The little girl was disappointed. She had longed for a long, cosy talk with her guardian over so many, many things. Not least of all concerning the brilliant scheme which had occurred to her and Monty that day on the hay. Nor did it please her any too well to lie and listen to the voices of Eunice and Susanna, murmuring on and on indefinitely, in the sitting-room below. Commonly the housekeeper went early to sleep on Sunday nights, for it was her habit to rise before daybreak and set about her Monday washing. To-night the great clock struck eleven, actually eleven, before this conference broke up; only to be resumed at intervals during the next morning, whenever the pair were alone.

However, Katharine had other matters on hand so absorbing that even the mysteries of tramp and brass bound box sank out of mind. She was off to school a half-hour before time, and strangely enough Montgomery was equally prompt. Together they repaired to the wooden bench under the beech-tree, and while the lad suggested things to be written down, Kate wrote them rapidly on little slips of paper, which suspiciously resembled a leaf from a copy-book.

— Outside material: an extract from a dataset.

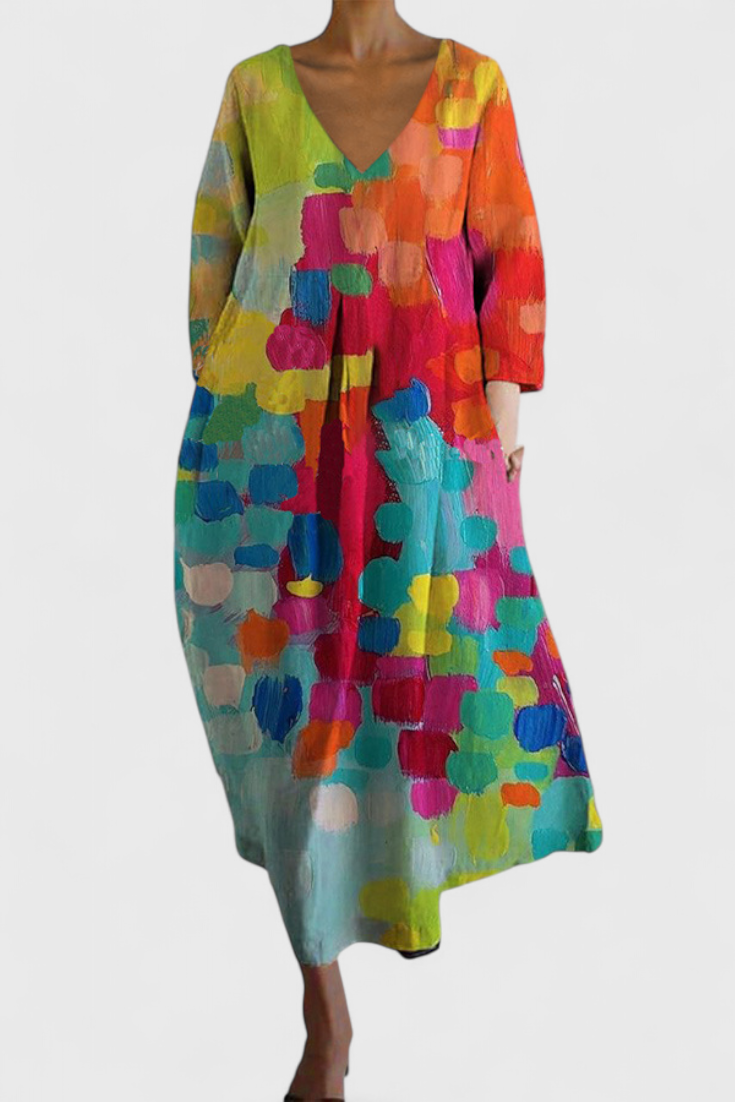 NAOMI – ART BLOOM DRESS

Other scholars came along and stared, wondering what had sent this usually tardy boy so far in advance of the bell. Little girls tittered. Phrony Walker tossed her braid flippantly over her shoulder, casually displaying a new hair ribbon with which she meant to impress the city girl who wore and needed none. Sophronia's hair did not kink and curl as Katharine's did, but it was "a hunderd times as long and a great deal prettier colored." Kate had said so herself, yet here was she who was so generously admiring, almost covetous, calmly unobservant of braid, ribbon, and all.

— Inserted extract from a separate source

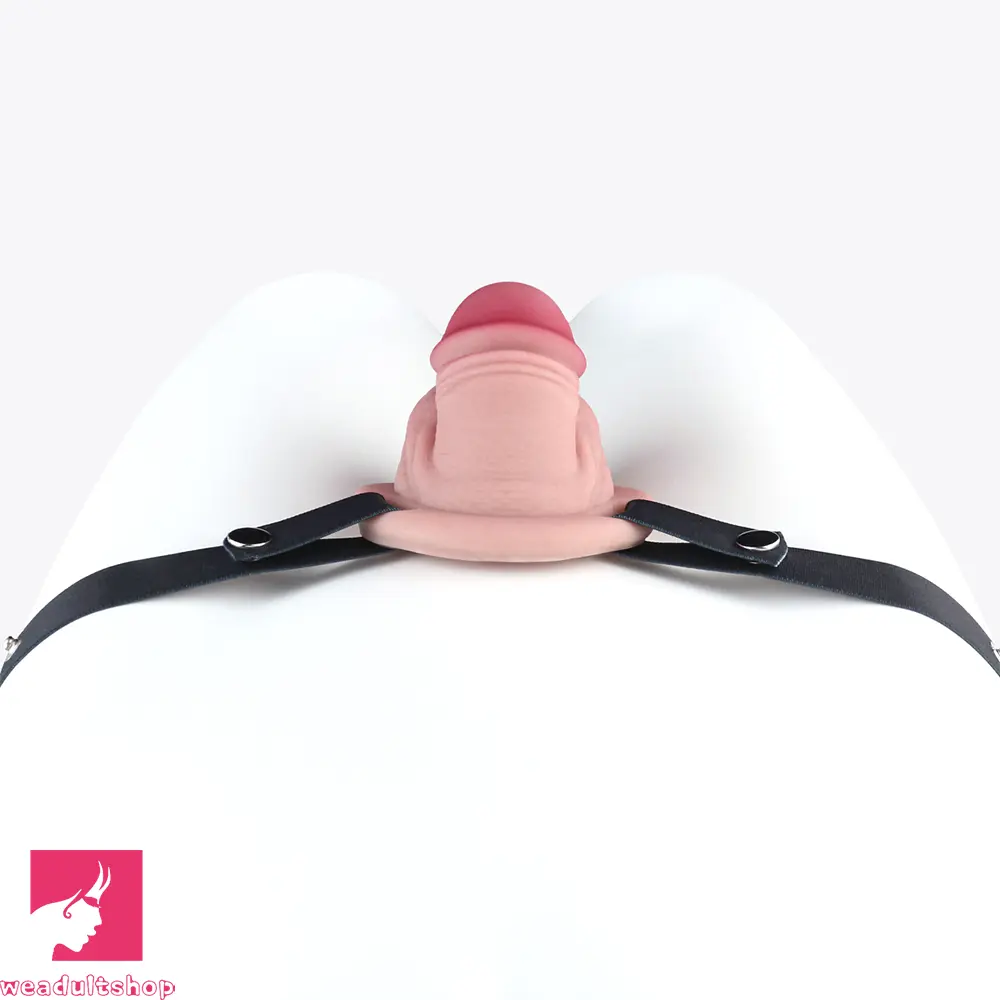 3.74in Real Hollow Chastity Cage Dildo Realistic Penis For Vagina Love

Martha and Mary Turner came, swinging their lunch-basket between them, delightfully conscious that in its depths were stored three apple turnovers, one for each of them and one for Kitty Keehoty, who was never allowed to carry pie to school. With a child's fondness for the indigestible, she had once declared that Mrs. Turner's turnovers were "sim-ply de-lic-ious," and they had teased their mother ever since to make one for their new friend. But they stopped short at sight of the light and dark head so close together over something they did not know about, and when Martha drew nearer and informed the dark-haired scribbler that she had "brought it," Kate merely nodded her head and continued scribbling.

Bob and Ned arrived, tackle over shoulder, intent upon playing hookey at afternoon session, and disgusted that Monty was so little excited by their grimacing pantomime, as they demonstrated how they would escape to the woods and invited his company. Then they tried ridicule, calling "girl-boy, girl-boy," as loudly as they dared, with Katharine's scornful glances upon them. Monty grew fiery red and tossed his blond head as if shaking an obnoxious insect from it, but did not cease to scratch it for ideas, which he whispered to his companion as fast as he dug them out.

Even when the teacher came and Kate sprang to her feet to bid him her always courteously ready "Good morning," also dragging Montgomery to his own feet as a reminder of what was correct, that excited, exalted expression left neither young face.

 

Matters continued thus all through school. Monty was worse than ordinary in the matter of lessons, and that was saying much. Katharine, having had better advantages, stood far in advance of her class, so had no need to study, and kept her slips of paper in her book all the time she sat at her desk. She was not a rapid writer and she certainly had a deal of writing to do. At recess the before-school performance was repeated; and when the truants, Bob and Ned, disappeared in the direction of the "Eddy" after "noonin'," Monty failed to send one regretful glance thither. He was more occupied in watching the face of the clock than anything else, and as soon as dismissal-bell rang, darted from the schoolroom as if propelled by a gun. Just then, too, the first warning notes of Reuben Smith's horn came floating through the trees and down the street, and thereafter all that was seen of the boy was a pair of heels vanishing in air.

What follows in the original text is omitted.